Data Assimilation

Climate models & observations

Climate models are powerful tools to simulate and predict the Earth’s climate system, but they aren’t without flaws. Due to missing physics, imperfect parameterizations, and inaccuracies in the underlying numerics, climate models often show structural errors. On the other hand we have direct observations of the climate system. However, observations come with their own set of limitations. They have limited space and time coverage and also contain errors due to measurement noise.

Figure: Hoteit, I., et al., 2018: Data assimilation in oceanography: Current status and new directions. In "New Frontiers in Operational Oceanography"

Data assimilation

To overcome the challenge of uncertainty inherent in both sources of information–models and observations– we employ a method known as data assimilation. Data assimilation merges the information obtained in models and observational data, and produces a “best guess” of the climate system. The schematic above outlines the core process of sequential data assimilation. The model state variables (blue) are continuously adjusted based on the most recent observations (red). This adjustment process (dashed red arrow) is often referred to as the analysis step or analysis increment.
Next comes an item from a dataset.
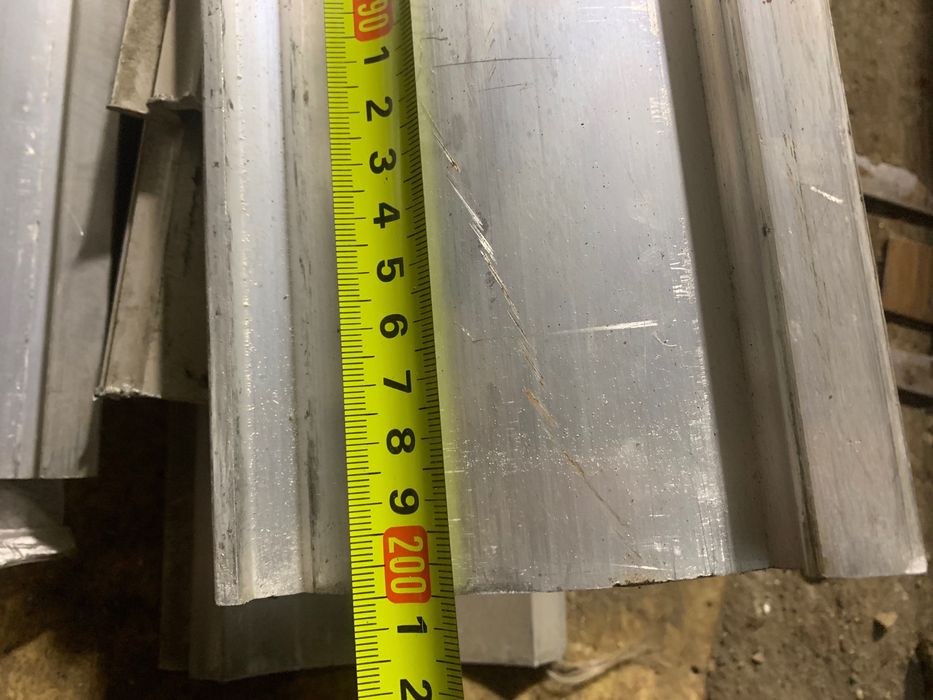 Профиль алюминиевый .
Learning from analysis increments

The analysis increments provide useful information on model errors. For example, if the analysis increments always correct the model to a warmer state (i.e., all dashed arrows point upward), this may reflect that the model has a systematic cold bias. Several members of M2LInES employ machine learning techniques to learn such model errors from analysis increments.

Learning model error

Machine learning algorithms can also be used to understand and correct biases that are due to the combined error of physics and numerics. One way to learn this combined error is to use analysis increments as a training dataset. Analysis increments represent the adjustments made to a model to bring it closer to observations during the data assimilation process. The information contained in analysis increments allows therefore for the development of correction schemes that improve the reliability and accuracy of model predictions.

Emulation of the full model dynamics

Another important application of machine learning in climate modeling is the development of emulators. Climate model emulators are surrogate models that mimic the behavior of complex climate models. By capturing the essential features and relationships within the original models, emulators provide a computationally efficient alternative for exploring climate model outputs.